PDF Embedding Indexer is a CLI tool designed to process text content from PDF files, generate meaningful embeddings from the text using Sentence Transformers, and store those embeddings in a PostgreSQL database. This allows for quick and efficient similarity searching, providing a useful tool for managing and navigating through a large number of PDF files.
- Currently supports PDF files only, and is only limited to a single PDF file per command.
- Extracts text content from PDF files and generates embeddings using Sentence Transformers.
- Stores the embeddings in a PostgreSQL database for quick and efficient similarity searching.
- Allows for sentence-level indexing, offering granular search results.
- Stores additional metadata for each document, including file hash, timestamp, and title.
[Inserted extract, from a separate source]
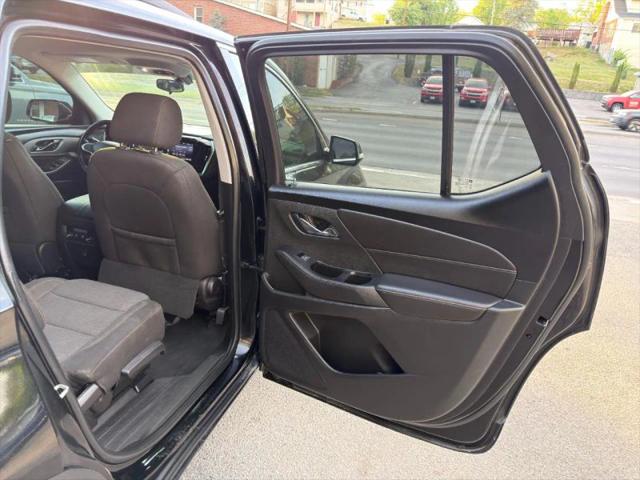 2020 Chevrolet Traverse FWD LT Cloth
- Prevents duplicate PDFs from being indexed.
- Python 3.8 or higher
- PostgreSQL
- sentence-transformers
- psycopg2-binary
- sqlalchemy
- pgvector
- python-magic
- pdfminer.six
- nltk
-
Ensure that you have Python 3.8 or higher installed.
-
Install PostgreSQL and setup a database for this project.
-
Clone this repository:
git clone https://github.com/itsyaasir/pdf-intellect.git
-
Change into the project directory:
cd pdf-intellect
-
You can create and activate a Conda or a virtual environment:
-
For Conda environment:
Run the provided setup script to create a Conda environment and install the necessary packages:
bash conda_setup.sh
-
For virtual environment:
Create a virtual environment:
python -m venv venv
Activate the virtual environment:
-
On Unix or MacOS, run:
source venv/bin/activate
-
On Windows, run:
venv\Scripts\activate
Install the required packages:
pip install -r requirements.txt
-
-
-
Run the provided setup script to setup the database:
You will need to prov
bash db_setup.sh
-
Modify the environment variables in
config.py
if necessary. -
Depending on your model, you might need to adjust the prompt template to match the model's input format. You can check the default template in
app/llama.py
.
To index a PDF:
python main.py index <pdf_file>
To search for similar content given a query:
python main.py search "<query>"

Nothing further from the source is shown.